Segment Start: DATA BELOW
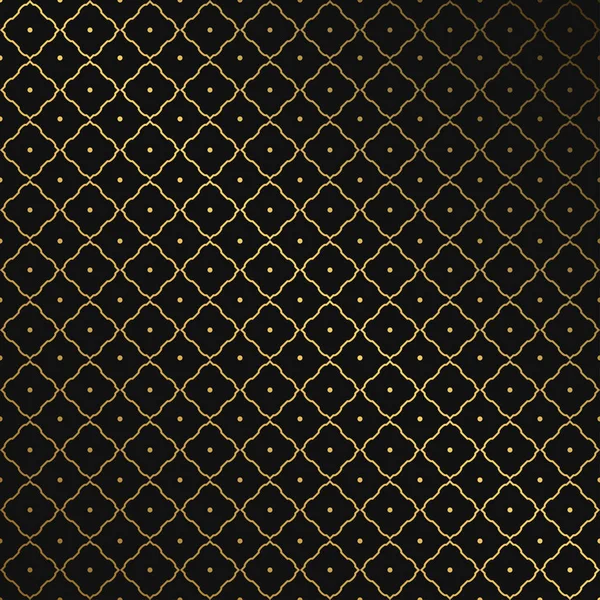 Sömlös Gyllene Geometriska Mönster Mörk Bakgrund Kunglig Symbol Vektorillustration Elegant — Stock vektor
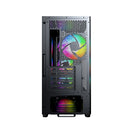 Montech X5M mATX Mid-Tower Carbon Fiber Print TG Side Panel & Mesh Front PC Case | DataBlitz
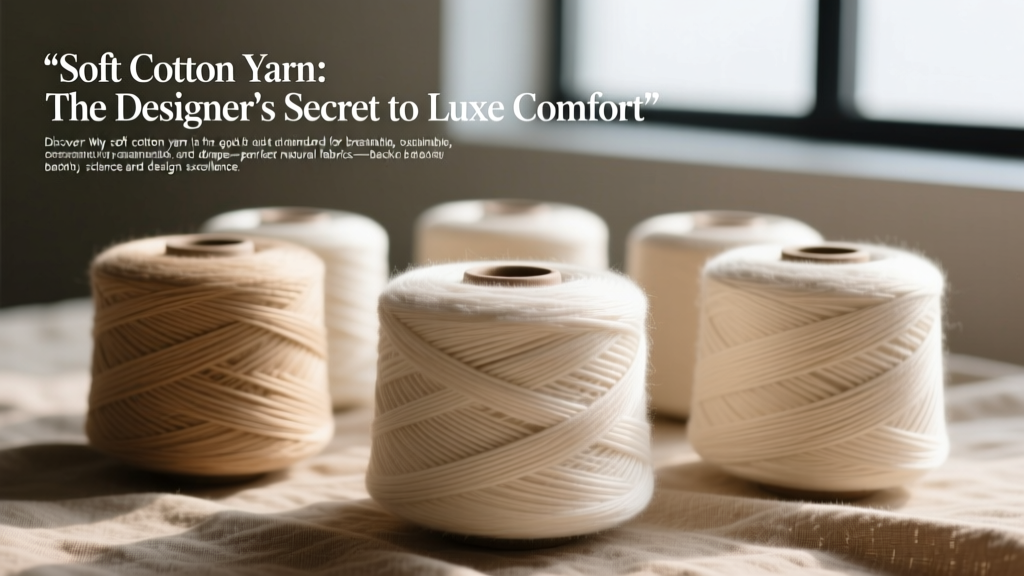 Soft Cotton Yarn: The Designer’s Secret to Luxe Comfort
Segment End: DATA BELOW
■ **EXERCISE AIM**
From start to finish, output the listing exactly, but omit its pictures.

■ **RESPONSE TO THE TASK**
 Sömlös Gyllene Geometriska Mönster Mörk Bakgrund Kunglig Symbol Vektorillustration Elegant — Stock vektor
 Montech X5M mATX Mid-Tower Carbon Fiber Print TG Side Panel & Mesh Front PC Case | DataBlitz
 Soft Cotton Yarn: The Designer’s Secret to Luxe Comfort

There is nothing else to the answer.